Material to process section start
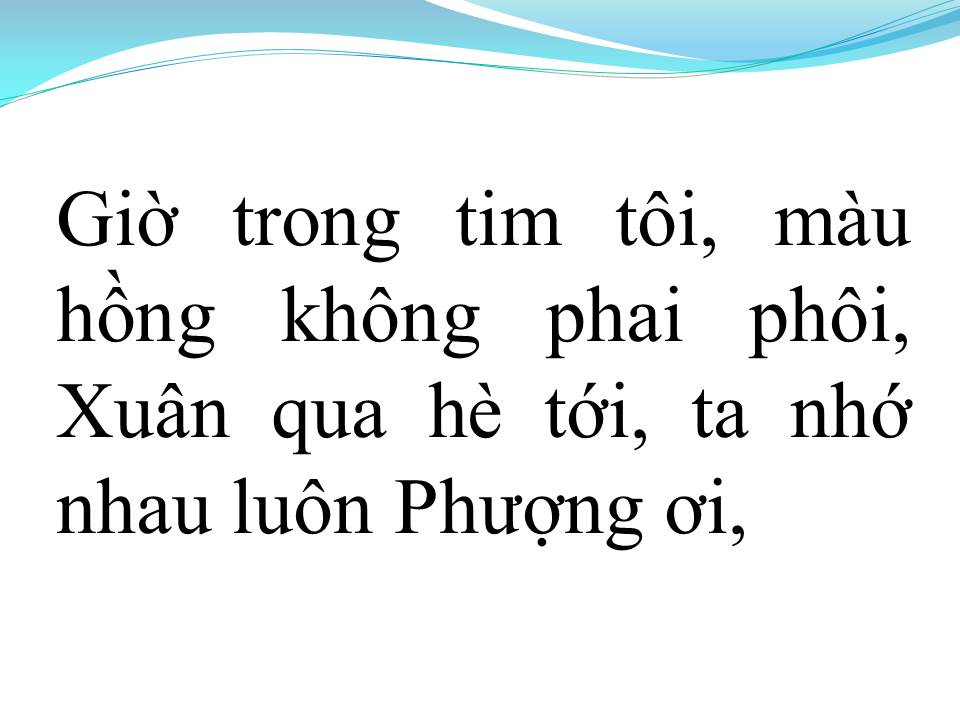 Lời bài hát PHƯỢNG BUỒN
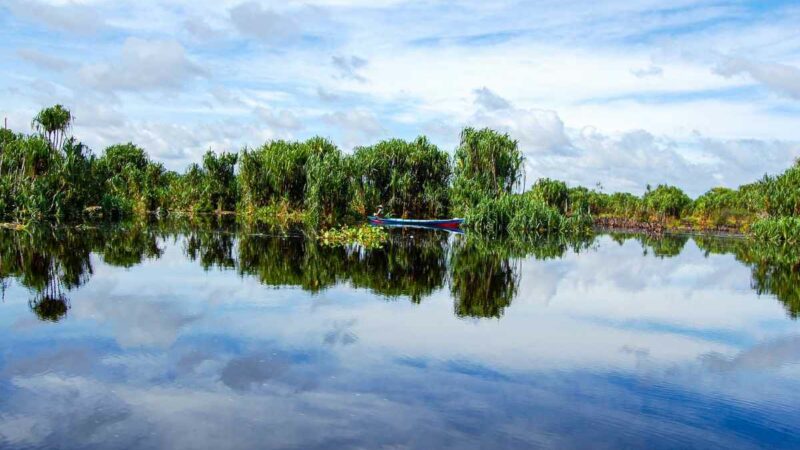 Berita Inhil Hari Ini dan Berita Riau Hari Ini: Jenis Tanah di Indragiri Hilir: 80 Persen Tanah Gambut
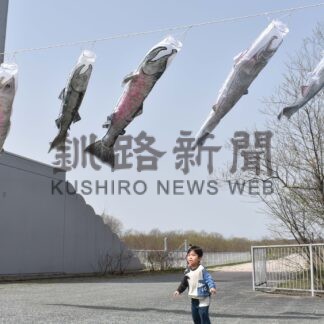 「さけのぼり」お出迎え　サーモン科学館ＧＷ催しにぎわう【標津】(2024-04-28)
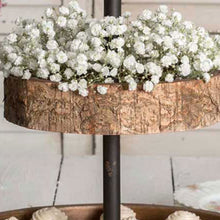 Load image into Gallery viewer, Bird and Birch Two Tiered Tray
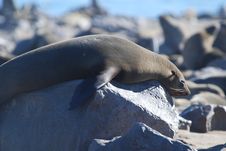Seals Royalty Free Stock Photography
Material to process section end
Restate each entry word for word, please, but drop any images it holds.

Task solution:
 Lời bài hát PHƯỢNG BUỒN
 Berita Inhil Hari Ini dan Berita Riau Hari Ini: Jenis Tanah di Indragiri Hilir: 80 Persen Tanah Gambut
 「さけのぼり」お出迎え　サーモン科学館ＧＷ催しにぎわう【標津】(2024-04-28)
 Load image into Gallery viewer, Bird and Birch Two Tiered Tray
Seals Royalty Free Stock Photography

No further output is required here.